There remains potential among the field, of course. Berkshire Shadow had overcome clear greenness to make a winning start at Newbury and has reached a good figure for one who’s raced only twice – and he remains unbeaten. If there was any advantage to be had in racing close to the stand rail at that stage of the week then runner-up Eldrickjones can be marked up from his 103 performance (not yet eligible for a handicap mark), and he was also checked when first looking to launch his effort.
I also thought there was a lot to like about staying-on efforts from Masseto and Dhabab, with a seventh furlong likely to bring more from both. The Organiser also deserves a mention – he raced freely at the head of affairs and left the impression he’s capable of getting involved in good races another day, possibly at 5f.
The Queen Mary finish was dominated by a couple who raced close to the stand rail and Quick Suzy and Twilight Gleaming appear to have posted performances more in keeping with the usual standard. Quick Suzy had impressed with her speed prior to getting run down late in a 6f Group 3 in the mud at Naas and this sharper test drew the best two-year-old performance of the meeting from her. Her rating is a matter for the Irish Handicappers, but I have her pencilled in at 108 and think there could be more still to come.

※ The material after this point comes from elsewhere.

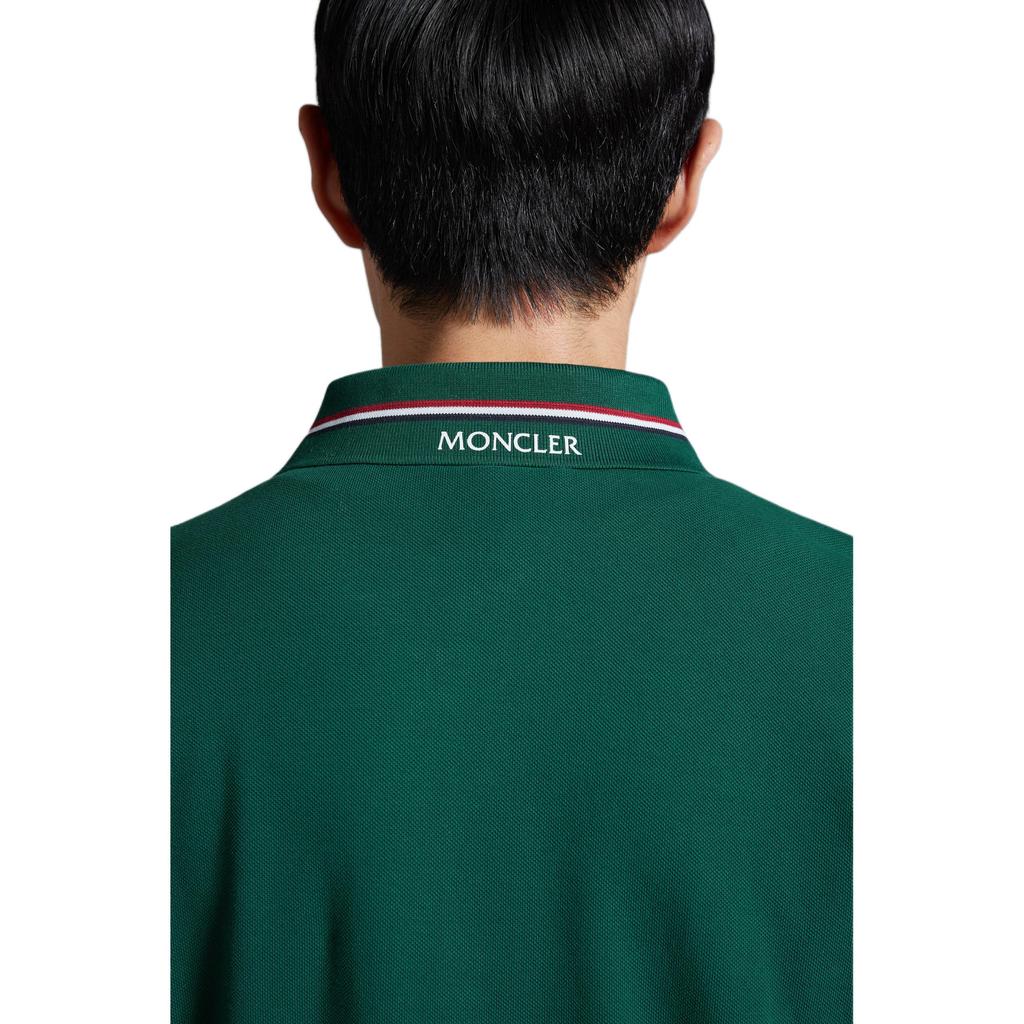 Moncler Comfortable Loose Fit Logo Pattern Polo Shirt Men Tops Olive-Green J10918A0002189A16875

The best time from Wednesday’s races came in the listed Windsor Castle, where Chipotle proved the stand rail wasn’t the be all and end all as he charged away on the opposite side of the track. He was undoubtedly aided to some extent by a fierce pace in the larger stand-side group, but his two-and-a-quarter-length winning margin was the widest of any of the juvenile races and his performance is rated a couple of pounds above the average Windsor Castle winner at 105. The time would have justified higher still.
It’s worth giving an honourable mention to Ruthin (88++), who did significantly more than ideal early as she crossed from her middle draw to lead the stand-side group and was run out of it only in the last 100 yds. The heavily backed newcomer Kaboo (94+) also ran a race full of promise having stayed down the middle from his central draw.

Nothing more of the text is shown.